Book Review: London Railway Atlas – 6th Edition
An incredibly detailed map of London’s railways, past and present, has been updated and will be the proverbial catnip to any train or map geek.
Many of you will be familiar with the Carto Metro website, which shows what already seems to be an impressively detailed map of London’s railways, and as useful a tool it is, it pales compared to what TfL employee Joe Brown has managed to produce.
The London Railway Atlas is now in its 6th edition, in part as what was a hobby morphed into a serious publication and needed cosmetic improvements over previous editions — and to sate train geeks obsessive attention to detail by supplying corrections where needed.
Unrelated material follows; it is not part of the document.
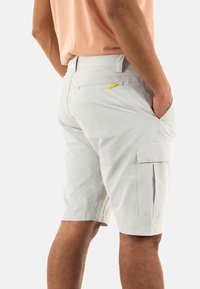 Bermuda cargo grigie chiare realizzate in tessuto morbido; presenta due tasche laterali e una tasca posteriore con zip e un gancetto giallo.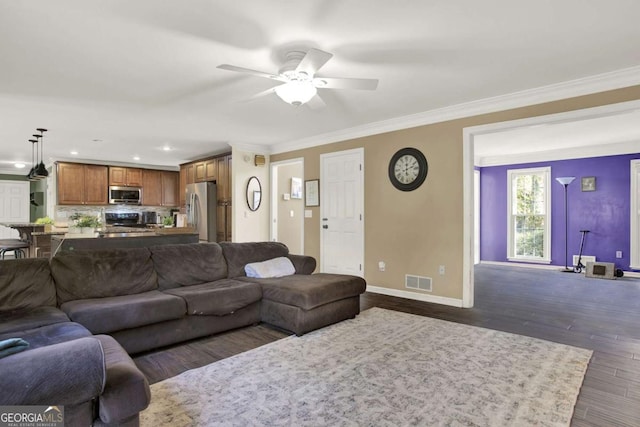 living room with visible vents, crown molding, baseboards, dark wood-style floors, and a ceiling fan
This latest edition is also a complete redesign, as the previous editions were created using software more used to publishing online, and he has switched to a print-friendly tool to keep the book publisher happy.
That means the sixth edition is a complete refresh as well, with every line redrawn, every I dotted and T freshly crossed. Apart from corrections, additions to this edition include the Elizabeth line and the Northern line extension to Battersea Power Station.
The London atlas has also expanded a bit, nudging slightly beyond the M25 in places, so there’s more this time to look at. A detailed appendix at the back also offers a timeline of the railways represented in the atlas.
The atlas shows how the railways look today, but so much more impressive is the depth of historical detail that shows how much larger the railway network used to be. That scale of the older network is mainly due to freight, thanks to the vast numbers of goods depots and sidings that were all over the place.
Those depots are now mostly lost under housing and offices — or the British Library — but the atlas lets you see the scale of the operation that the cargo-carrying railway used to provide.
I’ve previously noticed how railways are like arteries for the country, and in places, this atlas almost looks more like a map of the human body with muscles and veins revealed underneath the skin.
A natural constraint of printing so much information in a book format is that the font size is a bit small, which can be a bit of a struggle for us older folk, but the only alternative would have been to make a much larger and more expensive book.
As a book, it’s likely to appeal to anyone with an interest in London, not just the train nerds, adding as it does a fascinating insight into something many of us use daily, but yet where so much of London has been demolished.
The London Railway Atlas – 6th Edition by Joe Brown is available from Amazon, Foyles, Waterstones or direct from the publisher, Crécy.
I received my copy this morning. I’ve had a quick flick through. It looks like another brilliant edition.
Sold to the man in Stratford
I do love a good map!
Over time, and quite by chance, I’d collected all the previous editions and was eagerly looking forward to this one: and I was not disappointed!
I hope that Joe Brown is spared to bring us many further editions!
I assume that the maps cover all of the Underground network, but how far out do the maps go on the Chiltern Line? Thanks for any information.
To sate and for the sake of language geeks, this may need editing: “to sake train geeks”?
Great to see Tubeman still doing his thing from back in the day!